Exercise prompt: After locating the line with "Lautsprecher und Lichtanlage", repeat it and every following line to the end of the listing, exactly. Omit the pictures.

Collected material:
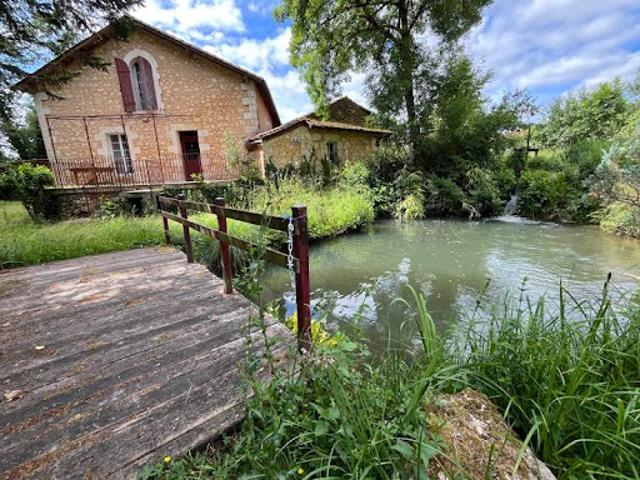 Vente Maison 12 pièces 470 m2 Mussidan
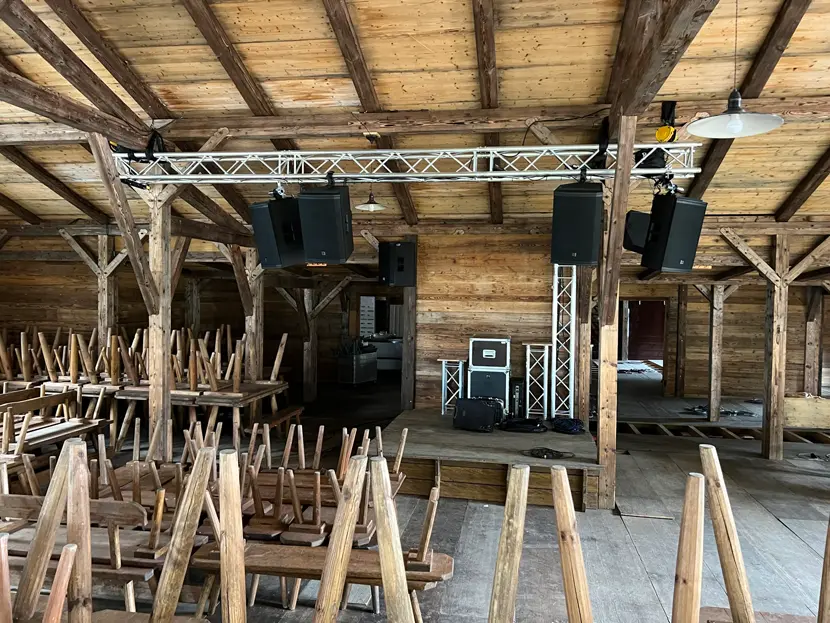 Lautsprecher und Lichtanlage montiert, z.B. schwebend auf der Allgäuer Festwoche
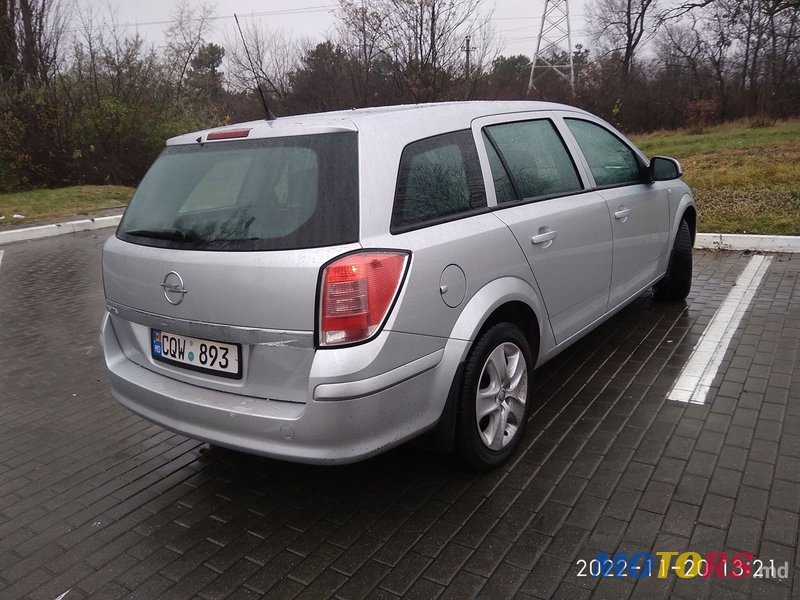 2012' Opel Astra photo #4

Final answer:
 Lautsprecher und Lichtanlage montiert, z.B. schwebend auf der Allgäuer Festwoche
 2012' Opel Astra photo #4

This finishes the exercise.